Nur einige Feuilletonisten mäkeln herum

„Natürlich funktioniert es“, sagen sie: Bis zu 1400 Menschen finden Platz zum Flanieren auf der insgesamt 50 Meter breiten Schale – die sich dank eines komplexen Feder- und Dämpfungssystems bewegen kann, aber nur dann, wenn diese Flaneure miteinander kommunizieren und damit just vor Ort im Kleinen umsetzen, was die große Inschrift der Schale als großes historisches Zitat, als Programm zeigt: „Wir sind das Volk. Wir sind ein Volk.“ Wer das nicht mag, empfindet es (wie jüngst die Tageszeitung „Welt“) als „eine Art konkretistische Symbolbeugung, der keine Metapher zu schlicht erscheint“. Alle anderen staunen über ein Staats-Denk-Mal von einer Leichtigkeit und Sinnfälligkeit, aber auch von einer Würde und Präsenz, wie es die Welt eben noch nicht gesehen hat, und das auch endlich mal ohne beigestelltes Erklärzentrum auskommt. Milla: „Fast immer reicht eine Viertelstunde Präsentation aus, um selbst härteste Skeptiker von der Qualität unseres Entwurfes zu überzeugen.“ Kleine Pause. „Ach was, zehn Minuten“.

Im Heusteigviertel wird übrigens weder geklagt noch geschimpft. Dabei hätten die beiden wohl allen Grund, die Hände über den Kopf zu schlagen angesichts von Beamten, die ihre Geringschätzung kaum verhehlen, über Politiker, die nicht mit offenen Karten spielen, über Berliner, Münchner und Frankfurter Feuilletonisten, die Milla & Partner den Firmenstandort Stuttgart übel nehmen („kunschtvoll“ tituliert besagter „Welt“-Artikel ihre Denkmalsidee, und das war kein Setzfehler). Aber über all die Jahre sind Milla und Letz selbst zu einer Art Politiker in eigener Sache geworden. Sie wählen ihre Worte supergenau. Sie müssen mit den Leuten zusammenarbeiten, die eben noch, na ja, reserviert waren, zum Beispiel im Bundesamt für Bauwesen. Also bleiben sie stets bedacht.

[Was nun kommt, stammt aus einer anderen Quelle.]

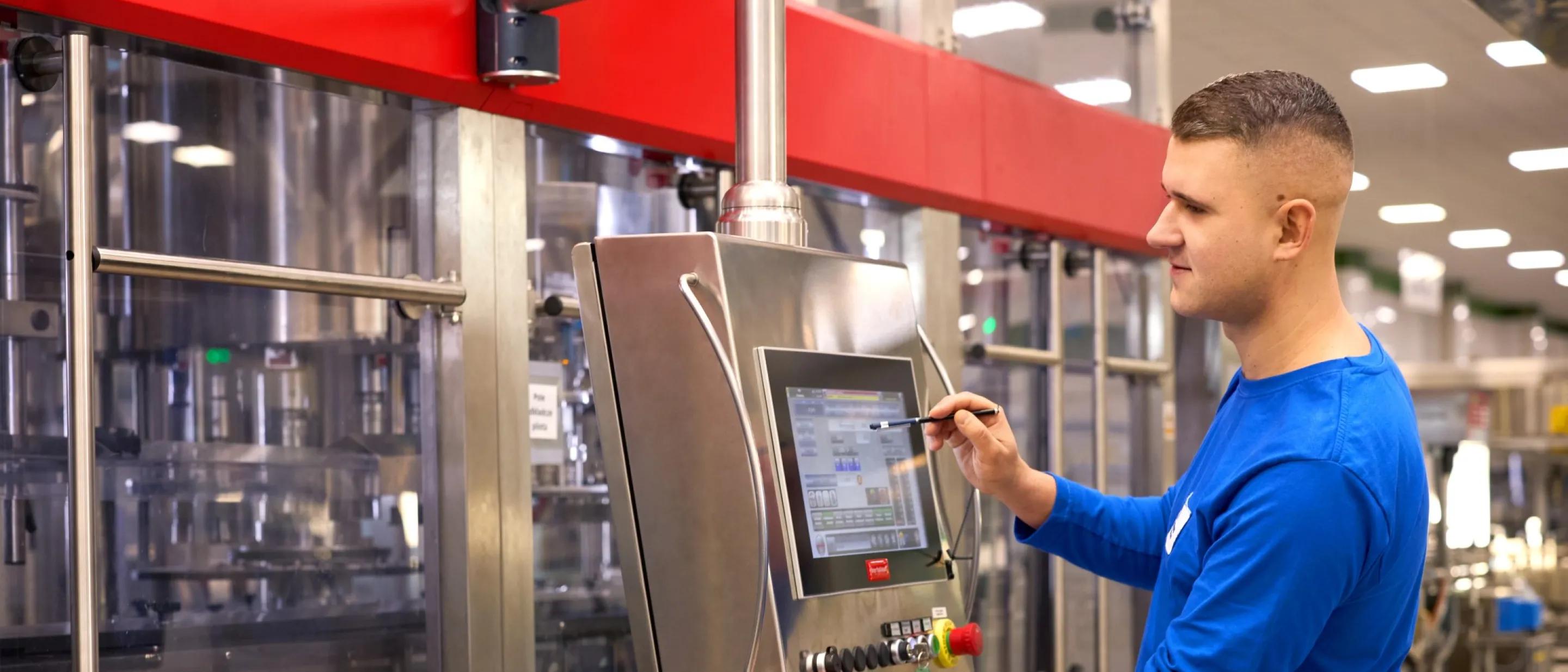 mężczyzna w zakładzie produkcyjnym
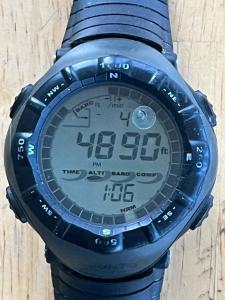SUUNTO "Advizor" Digital Watch Compass Altimeter Barometer Alarm Chrono, New Bat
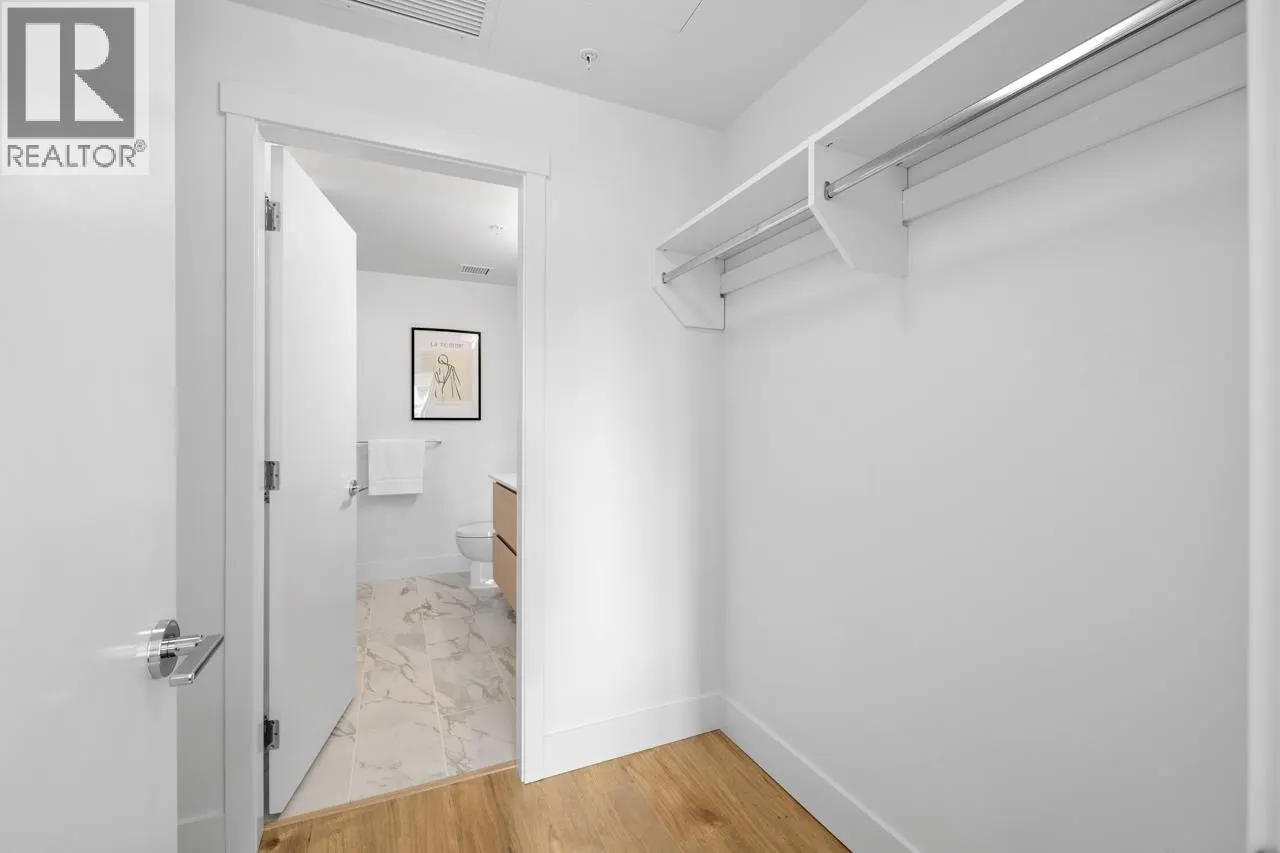 406 4788 HASTINGS STREET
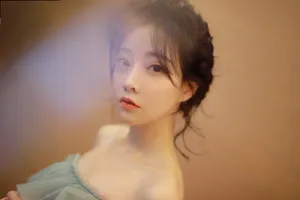 冯提莫雾霾蓝长裙气质写真图片_5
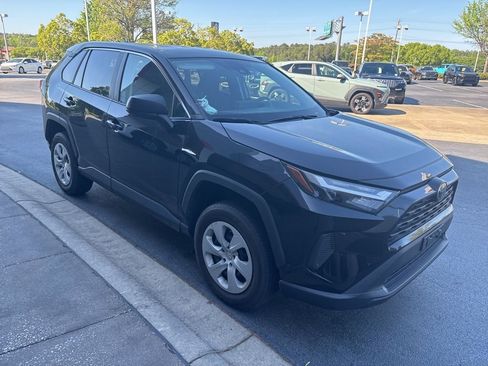 Used 2023 Toyota RAV4 LE image 2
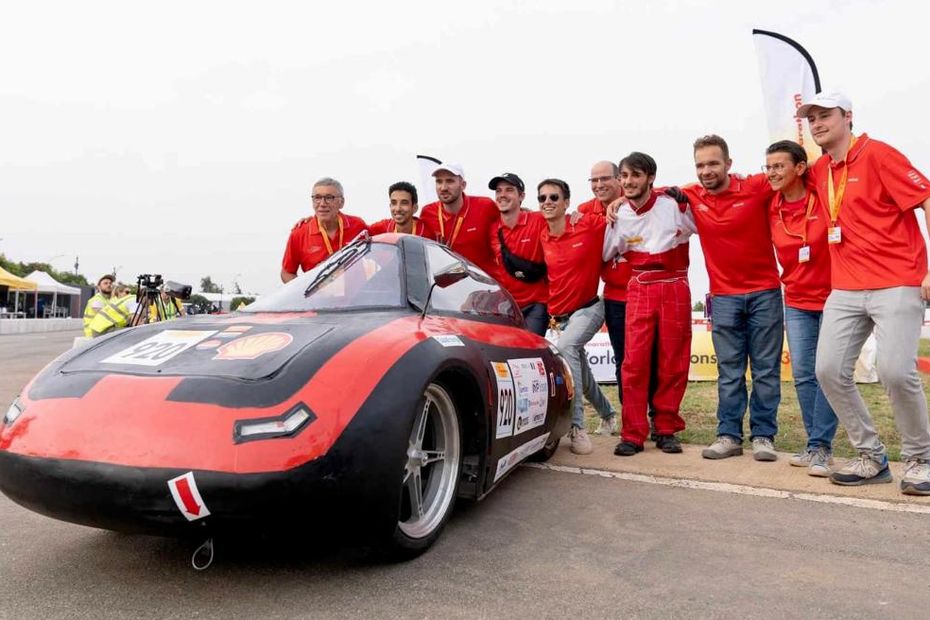 with their hydrogen vehicles, these students became world champions in car competitions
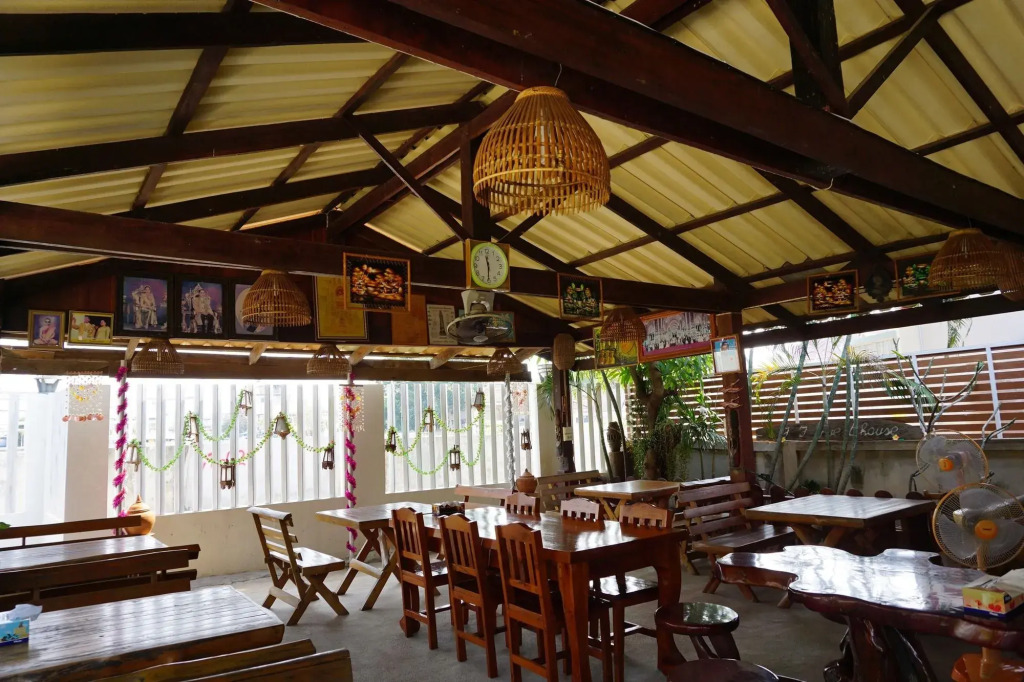 J&J Guesthouse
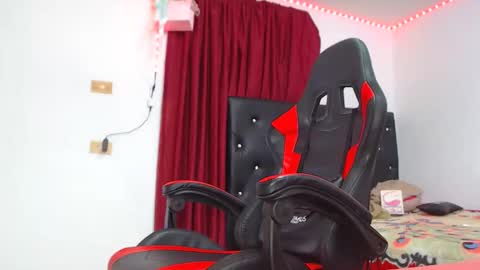 ashelyhots9inches online show from 11.27.25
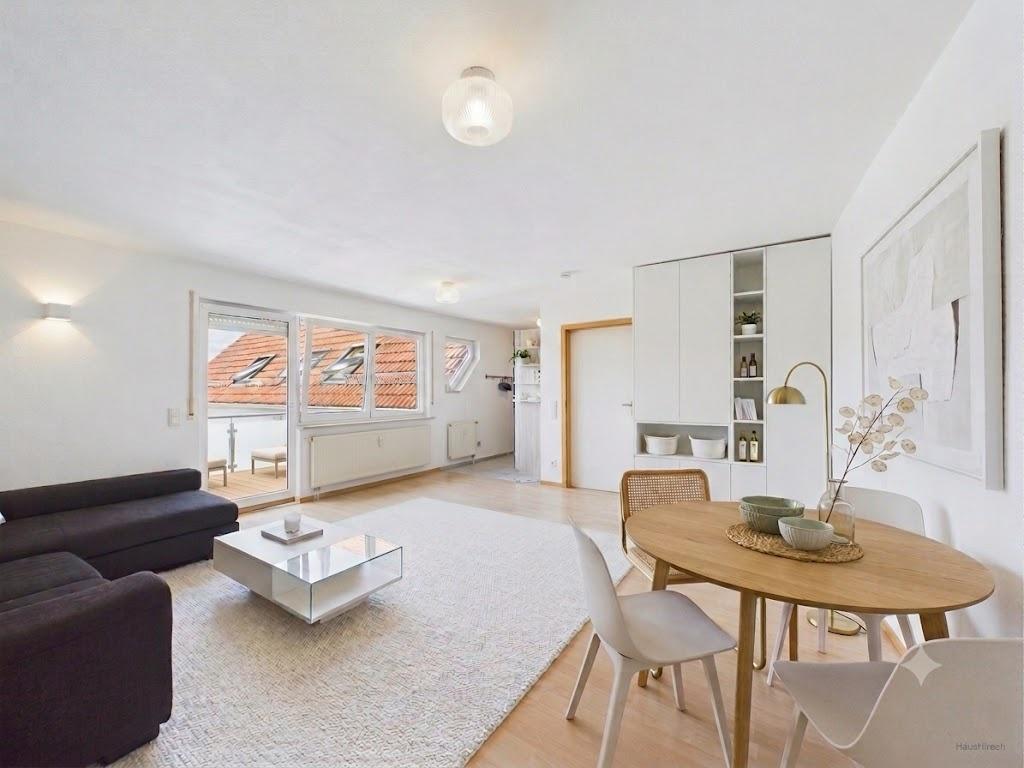 Gemütliche 2-Zimmer-Dachgeschosswohnung in zentraler Lage von Eislingen - Photo 2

Jetzt muss der Spatenstich kommen

Beispiel gefällig? Wenn der Besucher fragt, was den Unterschied ausmache zwischen der Arbeit für ein Unternehmen und für die öffentliche Hand, antwortet Letz: „Wenn sich ein privater Auftraggeber erst einmal für uns entschieden hat, dann will er auch, dass wir rasch vorankommen und schnell auf die Eröffnung zusteuern.“ Und dann endet der Satz. Äh, und der Rest des Vergleichs? Wer mag, denkt ihn sich dazu. Milla und Letz schaffen lieber. Kunstvoll.

Ach ja, ein schneller erster Spatenstich wäre jetzt schön. Warum nicht am 17. Juni? Bundestagspräsident Norbert Lammert könnte die Schaufel schwingen, schließlich ist das Parlament der Auftraggeber des Denkmals. Und sicher ist sicher: Im Herbst wird gewählt. Wer weiß, wer danach mit wem regiert. Die Linke war stets gegen das Denkmal. Und Lammert wird dem nächsten Bundestag nicht mehr angehören.